The SHA-1 collision and why predicting the future is hard

By now we’ve all seen the bug: After the release of the SHA-1 hash collision by Google last week, WebKit tried to check in copies of the two colliding PDFs and subsequently hosed their Subversion repository. This is the story of how that bug came to be.

To understand why this is a problem with some Apache Subversion repositories, it’s important to understand how Subversion stores information on the server. The current default backend is known as FSFS (“fuzz-fuzz”) because it uses raw, immutable files on disk to store repository contents. Each revision stores all its file contents and metadata in a single file on the filesystem, and this file isn’t supposed to change. Future revisions can reference content in older revision files because they never change, and the full text of every file is known as a “representation”.

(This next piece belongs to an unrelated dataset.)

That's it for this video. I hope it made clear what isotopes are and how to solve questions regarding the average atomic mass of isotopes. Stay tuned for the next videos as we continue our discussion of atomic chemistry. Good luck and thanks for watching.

Fast forward to 2008, when I was looking at ways to reduce the storage requirements for Subversion repositories on the server. One piece of low-hanging fruit was duplication of repository contents. While Subversion uses deltas to reduce the size of a representation, repositories which experience high amounts of branching and merging can also end of with multiple representations of the same file contents, which is wasteful. I decided to implement a content key-value store so that new representations wouldn’t need to be written if they already existed in the repository. Since revision files were immutable, we simply added an sqlite database which tracked the mapping from a key to the location of the representation’s contents in an earlier revision file.

You can probably guess where this is headed: we chose to use SHA-1 as the hashing key for repository contents. Surprisingly, the debate was between MD5, which we already used for corruption detection, but was known to be cryptographically broken, and SHA-1, which was much more robust. While I did spend some time investigating more modern hashing functions like SHA-256, we decided that SHA-1 was sufficiently secure that generating intentional collisions wouldn’t happen soon. Unfortunately, last Thursday happened sooner than expected.

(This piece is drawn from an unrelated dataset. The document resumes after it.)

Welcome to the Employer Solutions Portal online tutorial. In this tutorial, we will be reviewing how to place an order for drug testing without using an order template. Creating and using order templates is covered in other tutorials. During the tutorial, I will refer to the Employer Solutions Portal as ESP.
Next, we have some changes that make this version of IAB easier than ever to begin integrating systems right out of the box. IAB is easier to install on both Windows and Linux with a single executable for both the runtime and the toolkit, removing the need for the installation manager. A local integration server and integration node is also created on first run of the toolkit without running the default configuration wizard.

Representation sharing has been on-by-default for new repositories since Subversion 1.6, but fortunately, it remains optional. The simple workaround is to disable representation sharing on the server, which prevents content which hashes to the same SHA-1 from sharing a representation with the resulting problems. This works for all future revisions, and should prevent problems for the foreseeable future (i.e., until a prefix attack on SHA-1 is found).

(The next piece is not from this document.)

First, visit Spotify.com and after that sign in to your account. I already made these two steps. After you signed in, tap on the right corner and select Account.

Unfortunately, disabling representation sharing negates the original goal of smaller repositories. The FSFS file format is flexible enough to allow it to use a new hashing algorithm in future Subversion releases, but doing so without a repository reload would only allow sharing of future representations, not any currently in the repository. While not ideal, correctness is always better than optimization.

Representation sharing isn’t the only part of Subversion that’s impacted by potential SHA-1 collisions. Subversion has a client-side store of pristine copies of local contents it uses for showing differences and avoiding fetching duplicate content from the remote server. For files with different contents and the same hash value (as those demonstrated in the SHAttered attack), local working copies will silently return incorrect data, as Subversion will internally consider both files to be identical.

I’m no longer actively involved in Subversion development, but from what I can tell, the Subversion team is responding to these issues and issuing both short-term work arounds and working on long-term solutions. In watching their response, I am confident that Subversion remains a tool you can trust your data to.

If there’s a lesson to be learned here, it’s that no piece of technology is ever immune to obsolescence, and as software engineers, we need to plan for even the remote contingencies as we design systems which need to live for decades. We may not always make the right technical decisions, but we must preserve the ability to change those decisions if we expect our systems to stay viable for the long-term.